EXERCISE REQUIREMENTS -> Exact repetition of a range: find the line containing "Welcome to another" and the line containing "Now that's all" in the material below, then repeat both and all lines between them, leaving pictures out.

RECORDS FOR THE EXERCISE ->
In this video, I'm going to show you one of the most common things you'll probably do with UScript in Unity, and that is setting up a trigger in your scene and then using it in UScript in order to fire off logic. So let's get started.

==

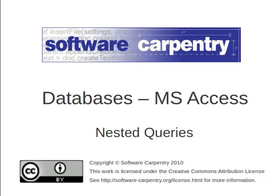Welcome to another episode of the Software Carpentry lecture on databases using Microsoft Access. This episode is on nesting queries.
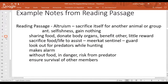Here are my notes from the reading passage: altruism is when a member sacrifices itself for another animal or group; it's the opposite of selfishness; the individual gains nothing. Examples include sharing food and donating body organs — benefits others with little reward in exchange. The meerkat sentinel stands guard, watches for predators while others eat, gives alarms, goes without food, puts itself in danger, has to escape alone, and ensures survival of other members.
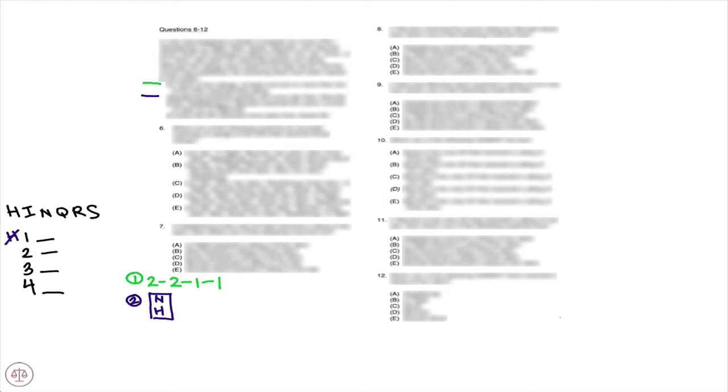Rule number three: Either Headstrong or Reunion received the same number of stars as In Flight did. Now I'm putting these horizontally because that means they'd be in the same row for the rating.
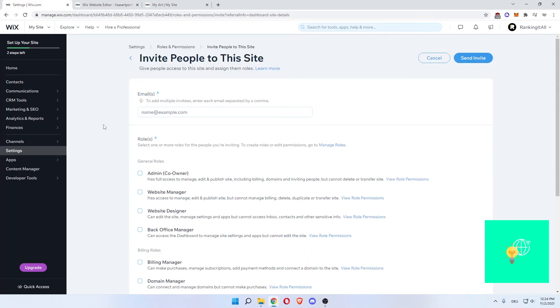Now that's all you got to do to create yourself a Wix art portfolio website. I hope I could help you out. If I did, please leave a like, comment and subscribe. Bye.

---

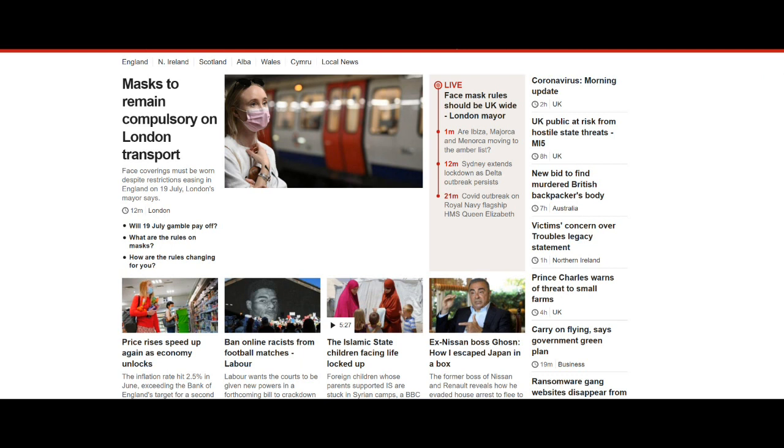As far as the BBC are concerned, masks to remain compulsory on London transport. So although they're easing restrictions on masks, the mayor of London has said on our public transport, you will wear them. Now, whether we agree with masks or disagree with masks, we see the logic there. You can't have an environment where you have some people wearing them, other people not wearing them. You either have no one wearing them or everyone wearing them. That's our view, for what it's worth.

FINISHED TASK ->
Welcome to another episode of the Software Carpentry lecture on databases using Microsoft Access. This episode is on nesting queries.
Here are my notes from the reading passage: altruism is when a member sacrifices itself for another animal or group; it's the opposite of selfishness; the individual gains nothing. Examples include sharing food and donating body organs — benefits others with little reward in exchange. The meerkat sentinel stands guard, watches for predators while others eat, gives alarms, goes without food, puts itself in danger, has to escape alone, and ensures survival of other members.
Rule number three: Either Headstrong or Reunion received the same number of stars as In Flight did. Now I'm putting these horizontally because that means they'd be in the same row for the rating.
Now that's all you got to do to create yourself a Wix art portfolio website. I hope I could help you out. If I did, please leave a like, comment and subscribe. Bye.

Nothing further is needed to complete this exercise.